I represent a highly multicultural constituency, as my hon. Friend the Minister will know. In the eight advice surgeries that I hold each month around north-east Leeds, I see many asylum and immigration cases. From time to time I come across cases where the asylum system has been abused by those who fail to have visas extended or, as the Home Secretary has said, have tried to use the asylum system to gain financial support when they have run out of other options. I support the principle that Parliament should discourage those who seek to exploit this country's hitherto generous support for asylum seekers for their own dishonest purposes. I know that that was the intention of the Act.

However, the reality has been somewhat different. I believe that that is because the phrase

as soon as reasonably practicable has sometimes been unreasonably interpreted by officials in immigration centres throughout the country, and especially in Leeds where my sample cases are based and where I am a parliamentary representative.

The immigration centre to which I refer is in Waterside, Kirkstall road, west Leeds, in the constituency of my hon. Friend the Member for Leeds, West (Mr. Battle). In that centre, as in many others throughout the country, the interpretation of section 55 of the 2002 Act, since it came into force on 8 January this year, has forced destitute new asylum seekers on to the streets of Leeds. Were it not for the generosity and humanity of church members who are involved in the refugee education, training and advice service in Leeds, many more people fleeing persecution in their own countries would be homeless and freezing on the streets of Leeds. As of yesterday, 73 such persons were destitute without support from the National Asylum Support Service.

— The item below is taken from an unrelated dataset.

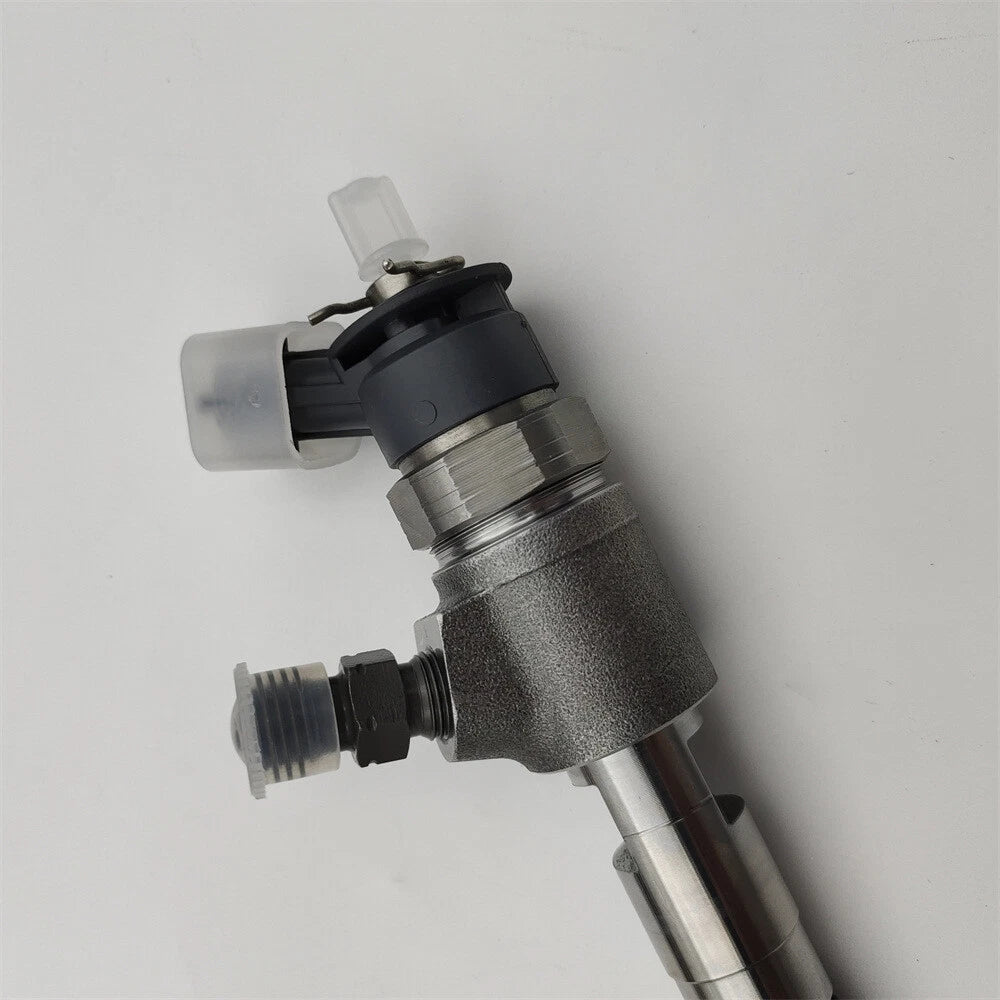 Inyector Diesel Bosch 0445110340 / 870692. Peugeot 1.6 HDi/TDCi
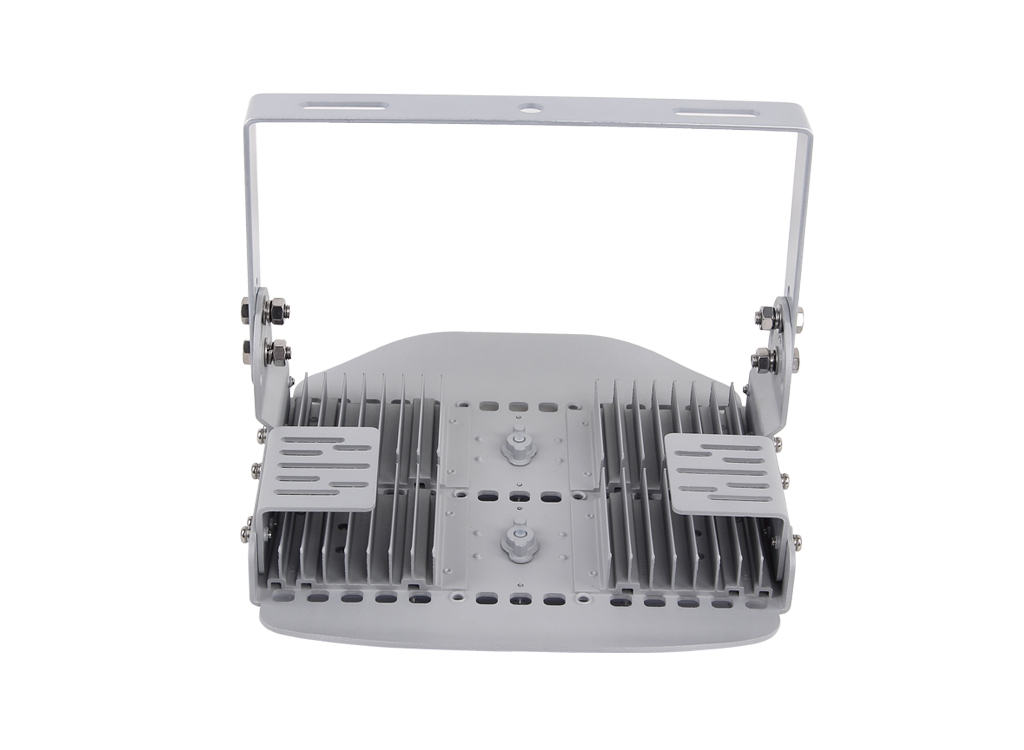 Factory Direct sale 100w led tunnel light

I understand that there has been a temporary relaxation since Mr. Justice Collins gave his judgment on 19 February and that many of those who were destitute are now in official centres. However, there is deep concern about what would happen if the Home Secretary won his appeal and those people had to be ejected from their accommodation. The judgment was on the cases of six asylum seekers who had been refused support under the 2002 Act and who made a claim under the European convention on human rights. The judgment angered the Home Secretary who, not unreasonably, felt that it was the job of Parliament to make the laws of the land and to debate those laws and that it was not the job of the courts to undermine that legislation. The Home Secretary appealed and we await the outcome of that appeal, which was heard yesterday.

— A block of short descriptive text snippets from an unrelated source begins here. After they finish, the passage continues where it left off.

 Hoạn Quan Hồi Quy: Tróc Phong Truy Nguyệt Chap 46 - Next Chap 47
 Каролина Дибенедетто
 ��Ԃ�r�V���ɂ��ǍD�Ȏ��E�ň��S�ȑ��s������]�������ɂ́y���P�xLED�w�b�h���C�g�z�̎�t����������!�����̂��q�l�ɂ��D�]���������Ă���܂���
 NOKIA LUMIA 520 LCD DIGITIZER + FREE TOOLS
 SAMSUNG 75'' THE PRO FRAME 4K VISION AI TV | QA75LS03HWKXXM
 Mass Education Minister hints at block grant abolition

Section 55 was introduced as a Government amendment to the Bill in the House of Lords and was not mentioned in the preceding White Paper. Introducing the Government amendment, Lord Filkin said: The new clause ends the presumption of support for those who apply for asylum in country unless they can give a truthful and credible account of their circumstances and how they arrived here and can therefore demonstrate that they are claiming asylum at the earliest possible opportunity."—[Official Report. House of Lords, 17 October 2002: Vol. 639, c. 978.] On 5 November, the Home Secretary said: The question is how reasonable we are regarding the people who come here but do not claim asylum at the port of entry. We need to be reasonable and to take into account the trauma that people experience. We need therefore to allow a reasonable period before we presume that people have come into the country for another reason and have been sustaining themselves and that when they could no longer do so they decided that the asylum system would sustain them, being far more generous than the equivalent something-for-something, welfare-to-work system."—[Official Report, 5 November 2002; Vol. 392, c. 199.] Following Royal Assent on 7 November 2002, my hon. Friend the Minister made a written statement to the High Court about section 55, in which she said that it would come into force on 8 January 2003. She said:

It will not be acceptable for an asylum seeker wanting NASS support to postpone making an asylum claim unless there is a very good reason for doing so. Even if there is a good reason for not claiming asylum immediately on arrival at the port, the person must then claim asylum as soon as possible thereafter. She went on to say that the Secretary of State must be satisfied that the person claiming support has made the asylum claim as soon as reasonably practicable after arrival in the United Kingdom. I now want to demonstrate that a number of individuals who, for one reason or another arrived in the city of Leeds, made their asylum claim as soon as was reasonably practical after their arrival in the UK and yet were denied any support under the 2002 Act.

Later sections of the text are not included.